The reason that precious-metal standards are a good thing is that both gold and silver, but especially gold, have been extracted and preserved at a rate which has pretty closely matched the growth of the world's population. One good way to visualize this is by looking at a 1-ounce gold coin; a Krugerrand or a Liberty Dollar.
Both are worth somewhere around $500-$600 right now.
In ancient Rome, for example, that ounce of gold would buy you a nice suit of clothes, a toga, and a pair of sandals or shoes. You might have some left over for lunch on the way home. Today, that Krugerrand (once converted to Federal Reserve Dollars, that is) will buy you a pretty nice suit and pair of shoes. The buying power of the gold has, essentially, remained static because the supply of gold somewhat mirrors the world's population.
In an economic sense, this not only means that inflation is almost impossible, but also that fractional-reserve banking simply wouldn't work. If the bank was required to back their transactions with gold, there's no way that the fractional-reserve system could function. The Liberty Dollar folks are a working example of this.
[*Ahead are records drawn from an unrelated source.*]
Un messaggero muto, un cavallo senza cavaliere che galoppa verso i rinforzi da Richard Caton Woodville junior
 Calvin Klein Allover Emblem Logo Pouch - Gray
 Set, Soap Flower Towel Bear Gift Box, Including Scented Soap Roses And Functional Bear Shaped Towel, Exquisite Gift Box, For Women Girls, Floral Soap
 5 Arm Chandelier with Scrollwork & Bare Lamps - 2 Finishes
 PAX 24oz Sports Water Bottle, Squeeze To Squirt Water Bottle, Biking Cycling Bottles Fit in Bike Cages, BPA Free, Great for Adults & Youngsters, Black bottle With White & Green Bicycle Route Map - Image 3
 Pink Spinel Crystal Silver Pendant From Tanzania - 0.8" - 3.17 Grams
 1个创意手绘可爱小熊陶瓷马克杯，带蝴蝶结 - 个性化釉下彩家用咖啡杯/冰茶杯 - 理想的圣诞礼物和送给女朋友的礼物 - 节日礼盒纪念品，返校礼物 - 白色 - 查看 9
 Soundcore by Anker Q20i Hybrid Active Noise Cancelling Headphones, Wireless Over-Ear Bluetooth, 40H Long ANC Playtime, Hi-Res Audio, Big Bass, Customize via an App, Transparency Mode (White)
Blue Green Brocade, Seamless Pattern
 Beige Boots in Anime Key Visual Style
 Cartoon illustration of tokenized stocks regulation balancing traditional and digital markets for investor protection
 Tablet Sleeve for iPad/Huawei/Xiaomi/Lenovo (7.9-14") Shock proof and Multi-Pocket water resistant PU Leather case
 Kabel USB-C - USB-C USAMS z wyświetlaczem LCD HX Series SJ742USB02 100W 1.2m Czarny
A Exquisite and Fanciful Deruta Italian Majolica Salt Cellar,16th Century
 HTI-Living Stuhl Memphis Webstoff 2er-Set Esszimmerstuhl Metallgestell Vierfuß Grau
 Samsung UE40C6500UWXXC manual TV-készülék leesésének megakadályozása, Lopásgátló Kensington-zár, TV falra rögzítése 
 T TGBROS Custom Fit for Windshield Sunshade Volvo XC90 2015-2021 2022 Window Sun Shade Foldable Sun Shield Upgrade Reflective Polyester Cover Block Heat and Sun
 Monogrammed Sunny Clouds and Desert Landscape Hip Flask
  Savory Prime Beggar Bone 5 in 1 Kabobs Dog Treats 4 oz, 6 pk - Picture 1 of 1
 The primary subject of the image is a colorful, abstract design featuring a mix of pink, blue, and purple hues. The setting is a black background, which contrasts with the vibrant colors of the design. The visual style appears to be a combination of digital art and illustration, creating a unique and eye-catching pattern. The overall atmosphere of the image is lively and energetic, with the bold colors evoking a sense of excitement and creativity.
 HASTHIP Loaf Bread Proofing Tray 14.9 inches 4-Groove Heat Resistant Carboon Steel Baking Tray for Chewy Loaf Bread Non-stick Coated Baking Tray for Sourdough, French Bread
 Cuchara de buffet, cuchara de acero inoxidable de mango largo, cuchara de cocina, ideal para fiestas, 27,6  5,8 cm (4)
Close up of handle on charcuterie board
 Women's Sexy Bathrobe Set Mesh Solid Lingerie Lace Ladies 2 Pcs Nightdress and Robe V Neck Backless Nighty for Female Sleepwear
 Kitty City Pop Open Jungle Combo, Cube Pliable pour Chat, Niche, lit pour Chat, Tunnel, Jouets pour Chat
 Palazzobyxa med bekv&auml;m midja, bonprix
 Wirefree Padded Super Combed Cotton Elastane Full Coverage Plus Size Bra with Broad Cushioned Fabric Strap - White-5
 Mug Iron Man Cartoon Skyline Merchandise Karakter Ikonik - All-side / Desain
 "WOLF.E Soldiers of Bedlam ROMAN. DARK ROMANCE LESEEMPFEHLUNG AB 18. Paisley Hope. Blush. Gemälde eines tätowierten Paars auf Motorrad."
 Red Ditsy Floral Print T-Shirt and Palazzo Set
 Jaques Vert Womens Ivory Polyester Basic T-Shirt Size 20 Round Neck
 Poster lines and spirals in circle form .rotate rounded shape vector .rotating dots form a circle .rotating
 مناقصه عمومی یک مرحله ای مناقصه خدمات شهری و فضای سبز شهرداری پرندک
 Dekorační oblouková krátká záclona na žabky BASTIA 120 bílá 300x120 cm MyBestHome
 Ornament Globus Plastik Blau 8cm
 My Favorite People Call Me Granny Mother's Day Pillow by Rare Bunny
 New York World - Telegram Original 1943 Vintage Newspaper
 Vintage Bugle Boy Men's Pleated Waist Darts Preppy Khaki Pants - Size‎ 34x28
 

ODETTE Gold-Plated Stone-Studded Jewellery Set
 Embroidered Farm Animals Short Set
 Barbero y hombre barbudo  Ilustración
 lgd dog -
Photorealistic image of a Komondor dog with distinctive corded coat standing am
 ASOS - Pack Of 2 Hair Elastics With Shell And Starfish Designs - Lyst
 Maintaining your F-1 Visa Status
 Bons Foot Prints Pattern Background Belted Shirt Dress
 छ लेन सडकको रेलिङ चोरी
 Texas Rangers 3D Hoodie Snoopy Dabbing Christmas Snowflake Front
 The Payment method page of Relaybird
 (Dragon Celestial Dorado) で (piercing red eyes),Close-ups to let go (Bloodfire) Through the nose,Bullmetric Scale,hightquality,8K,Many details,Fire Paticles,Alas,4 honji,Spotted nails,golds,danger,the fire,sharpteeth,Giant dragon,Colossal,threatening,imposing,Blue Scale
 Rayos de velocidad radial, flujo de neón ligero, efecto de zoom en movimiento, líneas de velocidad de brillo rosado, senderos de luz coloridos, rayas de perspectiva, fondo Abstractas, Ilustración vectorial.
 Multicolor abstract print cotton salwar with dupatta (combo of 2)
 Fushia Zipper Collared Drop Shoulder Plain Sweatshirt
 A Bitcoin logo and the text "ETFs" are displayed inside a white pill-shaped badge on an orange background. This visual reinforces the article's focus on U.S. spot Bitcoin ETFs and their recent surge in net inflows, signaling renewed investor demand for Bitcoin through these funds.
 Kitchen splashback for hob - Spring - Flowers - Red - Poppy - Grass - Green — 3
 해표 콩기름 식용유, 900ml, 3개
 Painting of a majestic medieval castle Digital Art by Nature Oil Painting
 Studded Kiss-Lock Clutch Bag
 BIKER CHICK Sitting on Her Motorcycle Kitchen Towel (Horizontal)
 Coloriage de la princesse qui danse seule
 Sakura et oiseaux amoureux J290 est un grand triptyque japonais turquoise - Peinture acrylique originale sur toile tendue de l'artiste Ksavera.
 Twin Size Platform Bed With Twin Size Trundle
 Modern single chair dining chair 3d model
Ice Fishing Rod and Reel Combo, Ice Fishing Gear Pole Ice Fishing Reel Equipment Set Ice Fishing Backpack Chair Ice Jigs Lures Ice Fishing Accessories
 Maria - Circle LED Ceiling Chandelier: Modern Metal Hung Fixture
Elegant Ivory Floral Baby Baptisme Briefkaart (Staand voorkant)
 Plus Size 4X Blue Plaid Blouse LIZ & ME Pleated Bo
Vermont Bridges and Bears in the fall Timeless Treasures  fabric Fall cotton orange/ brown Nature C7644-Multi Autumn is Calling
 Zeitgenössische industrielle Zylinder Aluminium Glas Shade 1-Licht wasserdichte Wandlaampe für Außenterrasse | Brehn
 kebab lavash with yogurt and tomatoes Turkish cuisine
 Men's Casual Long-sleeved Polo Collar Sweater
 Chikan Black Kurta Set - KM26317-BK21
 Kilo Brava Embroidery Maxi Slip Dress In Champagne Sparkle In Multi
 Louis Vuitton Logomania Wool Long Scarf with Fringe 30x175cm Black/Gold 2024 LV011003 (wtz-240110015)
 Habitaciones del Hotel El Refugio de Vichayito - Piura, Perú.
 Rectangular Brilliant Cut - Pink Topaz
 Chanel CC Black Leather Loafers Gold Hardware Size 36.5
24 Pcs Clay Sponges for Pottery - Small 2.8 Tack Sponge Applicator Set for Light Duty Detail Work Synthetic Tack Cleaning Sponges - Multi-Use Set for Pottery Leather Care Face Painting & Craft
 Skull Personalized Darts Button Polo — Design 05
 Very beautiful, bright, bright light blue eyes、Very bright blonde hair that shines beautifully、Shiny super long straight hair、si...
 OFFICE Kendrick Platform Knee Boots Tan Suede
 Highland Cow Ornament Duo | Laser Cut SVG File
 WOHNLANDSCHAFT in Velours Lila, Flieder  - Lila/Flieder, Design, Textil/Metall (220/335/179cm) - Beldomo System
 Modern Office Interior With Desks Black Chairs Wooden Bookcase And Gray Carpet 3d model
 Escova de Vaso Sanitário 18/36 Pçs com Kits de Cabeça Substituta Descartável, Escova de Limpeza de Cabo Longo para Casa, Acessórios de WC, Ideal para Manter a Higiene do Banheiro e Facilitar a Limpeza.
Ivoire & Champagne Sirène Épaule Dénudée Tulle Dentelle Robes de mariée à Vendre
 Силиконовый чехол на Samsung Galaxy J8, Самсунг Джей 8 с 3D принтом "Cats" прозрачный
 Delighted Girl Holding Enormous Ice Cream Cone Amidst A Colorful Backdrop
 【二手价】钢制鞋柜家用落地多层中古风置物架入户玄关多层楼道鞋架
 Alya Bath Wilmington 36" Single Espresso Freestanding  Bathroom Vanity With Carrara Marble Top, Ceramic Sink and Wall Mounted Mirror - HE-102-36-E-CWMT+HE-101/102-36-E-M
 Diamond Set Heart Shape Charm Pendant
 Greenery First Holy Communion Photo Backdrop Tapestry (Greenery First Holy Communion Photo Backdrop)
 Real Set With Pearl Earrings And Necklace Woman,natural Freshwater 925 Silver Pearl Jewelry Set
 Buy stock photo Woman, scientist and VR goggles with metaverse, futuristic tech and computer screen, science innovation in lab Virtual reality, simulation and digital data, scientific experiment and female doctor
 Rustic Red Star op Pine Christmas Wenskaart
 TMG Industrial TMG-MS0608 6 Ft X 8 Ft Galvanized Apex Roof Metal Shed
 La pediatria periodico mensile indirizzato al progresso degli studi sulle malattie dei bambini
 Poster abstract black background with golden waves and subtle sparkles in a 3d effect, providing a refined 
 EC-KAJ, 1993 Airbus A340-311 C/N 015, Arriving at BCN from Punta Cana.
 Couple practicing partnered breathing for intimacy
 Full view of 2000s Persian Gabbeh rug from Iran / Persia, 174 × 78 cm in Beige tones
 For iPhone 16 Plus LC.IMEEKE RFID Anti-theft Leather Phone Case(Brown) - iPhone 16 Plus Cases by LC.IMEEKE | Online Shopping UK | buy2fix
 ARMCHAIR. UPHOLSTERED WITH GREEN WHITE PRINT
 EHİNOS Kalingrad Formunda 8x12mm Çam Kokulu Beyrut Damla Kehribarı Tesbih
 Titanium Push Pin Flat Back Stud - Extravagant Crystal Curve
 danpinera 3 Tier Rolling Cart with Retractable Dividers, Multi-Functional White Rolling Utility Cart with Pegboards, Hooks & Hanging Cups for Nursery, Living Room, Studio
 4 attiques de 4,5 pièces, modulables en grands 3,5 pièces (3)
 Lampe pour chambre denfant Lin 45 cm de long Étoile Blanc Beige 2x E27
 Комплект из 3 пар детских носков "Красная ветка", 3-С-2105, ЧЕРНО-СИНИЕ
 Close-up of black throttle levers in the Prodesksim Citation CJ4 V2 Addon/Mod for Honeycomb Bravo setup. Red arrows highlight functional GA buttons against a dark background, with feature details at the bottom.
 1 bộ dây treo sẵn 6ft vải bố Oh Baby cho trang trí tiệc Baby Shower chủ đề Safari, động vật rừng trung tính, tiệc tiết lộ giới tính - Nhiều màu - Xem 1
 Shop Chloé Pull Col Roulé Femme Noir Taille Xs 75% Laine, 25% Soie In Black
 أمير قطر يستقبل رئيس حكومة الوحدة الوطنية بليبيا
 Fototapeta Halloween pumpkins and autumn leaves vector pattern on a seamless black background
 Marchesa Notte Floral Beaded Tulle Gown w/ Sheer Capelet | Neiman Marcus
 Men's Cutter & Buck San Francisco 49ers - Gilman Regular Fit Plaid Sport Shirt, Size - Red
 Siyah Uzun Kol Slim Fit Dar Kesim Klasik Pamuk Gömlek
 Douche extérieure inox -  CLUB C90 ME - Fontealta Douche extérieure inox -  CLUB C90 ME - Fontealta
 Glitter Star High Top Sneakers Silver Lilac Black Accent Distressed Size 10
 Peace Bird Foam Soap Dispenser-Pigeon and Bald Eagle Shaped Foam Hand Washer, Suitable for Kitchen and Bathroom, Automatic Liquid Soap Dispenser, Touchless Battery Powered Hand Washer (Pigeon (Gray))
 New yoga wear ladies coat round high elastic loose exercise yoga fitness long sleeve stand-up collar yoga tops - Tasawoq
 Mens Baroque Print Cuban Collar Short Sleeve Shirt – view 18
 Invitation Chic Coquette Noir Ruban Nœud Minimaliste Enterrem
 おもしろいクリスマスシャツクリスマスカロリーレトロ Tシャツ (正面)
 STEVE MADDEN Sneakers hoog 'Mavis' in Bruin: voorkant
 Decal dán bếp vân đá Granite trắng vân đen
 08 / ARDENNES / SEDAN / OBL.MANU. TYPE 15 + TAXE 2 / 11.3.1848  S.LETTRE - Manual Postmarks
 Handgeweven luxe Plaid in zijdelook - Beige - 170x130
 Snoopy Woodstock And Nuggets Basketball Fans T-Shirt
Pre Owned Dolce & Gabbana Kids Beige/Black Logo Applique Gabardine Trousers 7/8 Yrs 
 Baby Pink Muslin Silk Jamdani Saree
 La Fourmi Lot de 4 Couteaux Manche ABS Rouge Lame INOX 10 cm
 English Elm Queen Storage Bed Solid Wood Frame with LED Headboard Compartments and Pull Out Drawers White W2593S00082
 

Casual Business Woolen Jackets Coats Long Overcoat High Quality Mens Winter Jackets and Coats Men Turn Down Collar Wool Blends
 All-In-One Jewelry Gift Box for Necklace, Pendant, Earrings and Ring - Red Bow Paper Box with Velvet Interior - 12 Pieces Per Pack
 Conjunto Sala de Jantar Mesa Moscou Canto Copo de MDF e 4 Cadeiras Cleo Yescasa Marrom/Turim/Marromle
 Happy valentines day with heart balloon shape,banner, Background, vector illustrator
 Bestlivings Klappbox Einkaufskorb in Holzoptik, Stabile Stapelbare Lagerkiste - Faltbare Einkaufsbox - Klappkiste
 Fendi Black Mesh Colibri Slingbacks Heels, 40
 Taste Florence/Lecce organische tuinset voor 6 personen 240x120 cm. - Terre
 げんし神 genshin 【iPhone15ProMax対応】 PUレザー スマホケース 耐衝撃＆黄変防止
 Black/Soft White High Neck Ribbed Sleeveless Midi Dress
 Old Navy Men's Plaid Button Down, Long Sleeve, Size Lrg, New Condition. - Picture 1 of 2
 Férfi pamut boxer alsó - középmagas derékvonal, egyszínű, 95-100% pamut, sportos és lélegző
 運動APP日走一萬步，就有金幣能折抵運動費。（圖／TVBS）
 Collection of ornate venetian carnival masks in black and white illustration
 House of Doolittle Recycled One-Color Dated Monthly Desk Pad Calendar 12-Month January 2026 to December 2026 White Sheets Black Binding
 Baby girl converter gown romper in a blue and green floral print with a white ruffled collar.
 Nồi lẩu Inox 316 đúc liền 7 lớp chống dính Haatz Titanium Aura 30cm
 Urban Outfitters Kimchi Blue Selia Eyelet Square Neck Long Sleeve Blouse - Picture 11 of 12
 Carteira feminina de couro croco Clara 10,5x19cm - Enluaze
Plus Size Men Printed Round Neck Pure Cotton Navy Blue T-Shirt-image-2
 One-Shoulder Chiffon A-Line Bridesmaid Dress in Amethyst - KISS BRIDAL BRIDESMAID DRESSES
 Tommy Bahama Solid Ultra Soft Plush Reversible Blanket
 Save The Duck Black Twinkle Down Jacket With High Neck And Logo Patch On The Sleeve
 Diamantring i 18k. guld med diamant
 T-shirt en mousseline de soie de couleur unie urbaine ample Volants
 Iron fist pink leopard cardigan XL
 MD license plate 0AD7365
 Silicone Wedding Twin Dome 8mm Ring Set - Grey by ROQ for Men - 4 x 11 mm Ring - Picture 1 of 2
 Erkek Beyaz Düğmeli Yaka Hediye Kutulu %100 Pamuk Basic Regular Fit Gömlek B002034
As an aside, I'd rather have private, weight-based currency again, as we did before 1913. The problems start when one bank (or cartel of banks, aka the Federal Reserve) gets the Gov't to grant them a monopoly. At that point, they effectively gain near-total control over a nations economic life, which means they control the nation as well. Since the Gov't granting the monopoly must, of course, use the currency of the monopolist bank, that bank or group of banks can control the Gov't through the power of the purse. In return, they allow the Gov't to spend, spend, and spend some more...they get their pound of flesh in the end, after all.